Michigan neighbors sue to shut down new wind farm

Lake Winds Energy Park

Lake Winds Energy Park sure looks peaceful, but 17 neighbors claim otherwise.

Neighbors of a 56-turbine wind farm built last year in Mason County, Mich., have filed a lawsuit claiming that the turbines have negatively affected their health and wealth and should be shut down.

The lawsuit [PDF], filed by 17 property owners in a community along the east shore of Lake Michigan, alleges that Lake Winds Energy Park keeps them awake at night and has left them fatigued and stressed, unable to concentrate properly, and stricken with headaches, dizziness, nausea, and ringing and aching in the ears. They also say it has decreased their property values. They are seeking financial payouts and a shuttering of the facility.

Power plant developer Consumers Energy told MLive that it has met all permit requirements and is working to reduce the turbines’ impacts on neighbors:

Consumers Energy is reprogramming some of its turbines to account for the possibility that “shadow flicker” — a strobe effect when sunlight passes through moving blades — may carry further than earlier models predicted. The reprogramming should be complete by Monday, April 15, the company said. Wind turbines have shadow-flicker detection systems intended to stop blades from rotating when the sun hits them at an angle that affects neighboring residents.

Once a relative anomaly on the American landscape, wind farms have been popping up all over in recent years, helping the country move away from fossil fuels.

But with the growth of the wind sector has come a growing number of complaints about the shadows, flickers, and weird pulsing noises generated by turbines. A self-published 2009 book gave birth to the term “wind turbine syndrome,” a sickness characterized by the same ailments listed in the lawsuit.

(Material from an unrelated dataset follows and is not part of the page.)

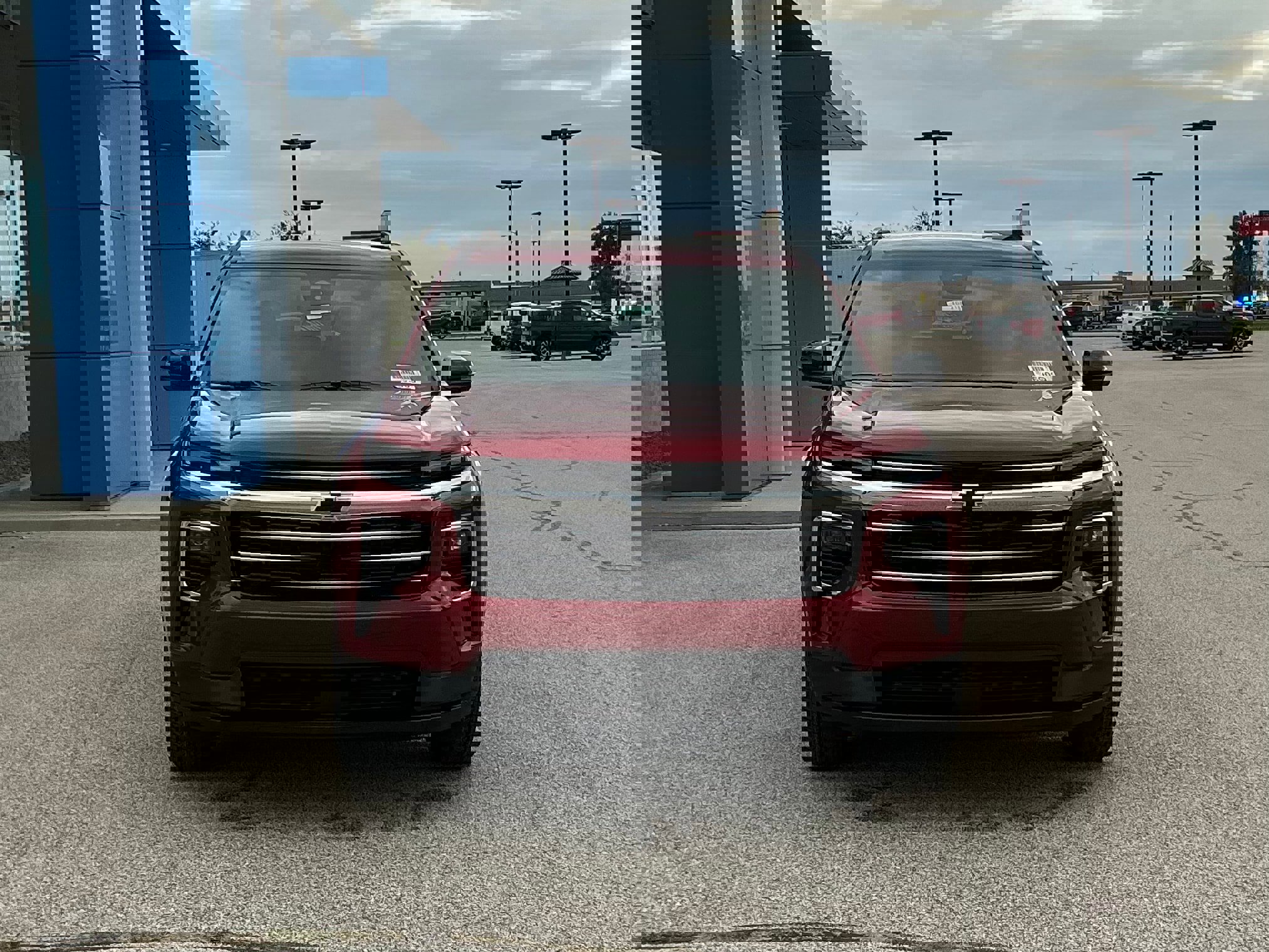 New 2026 Chevrolet Traverse LT w/ Driver Confidence Package image 17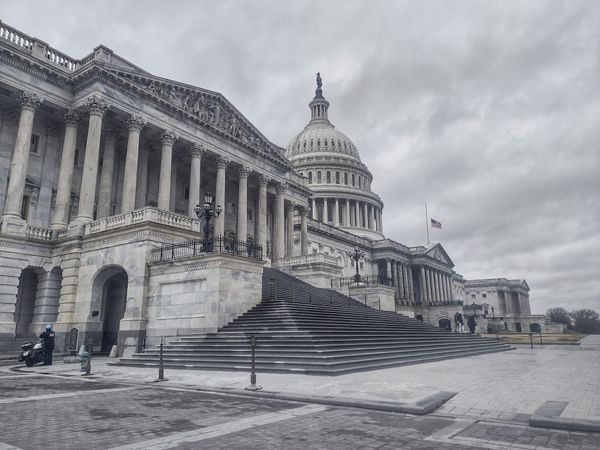 East side of the U.S. Capitol in Washington, D.C. - Photo courtesy/Bernie Krausse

Many scientists question whether such a syndrome even exists. For a paper published in this month’s Journal of Environmental Health [PDF], researchers reviewed a number of studies on the issue and found no evidence in the scientific literature that wind turbine syndrome is real. They did, however, find that wind turbines can be seriously annoying for neighbors:

At present, a specific health condition or collection of symptoms has not been documented in the peer-reviewed, published literature that has been classified as a “disease” caused by exposure to sound levels and frequencies generated by the operation of wind turbines. It can be theorized that reported health effects are a manifestation of the annoyance that individuals experience as a result of the presence of wind turbines in their communities.

Nonetheless, complaints of this supposedly debilitating syndrome have been growing since the term was introduced, mostly afflicting residents in communities where organized campaigns have been waged in opposition to wind energy farms. That led Australian researchers to conclude recently that people who live near wind turbines are being fooled into experiencing symptoms that the turbines do not actually cause.

We wish the people of Mason County the best of health. We trust they are not feigning sickness just to shut down a clean power source that they do not like, and we hope that efforts by wind energy companies can help reduce annoyances while still delivering a steady stream of renewable energy. We need that renewable energy to escape the clutches of fossil fuels — and we all know how sick the fossil fuels have made us and our world.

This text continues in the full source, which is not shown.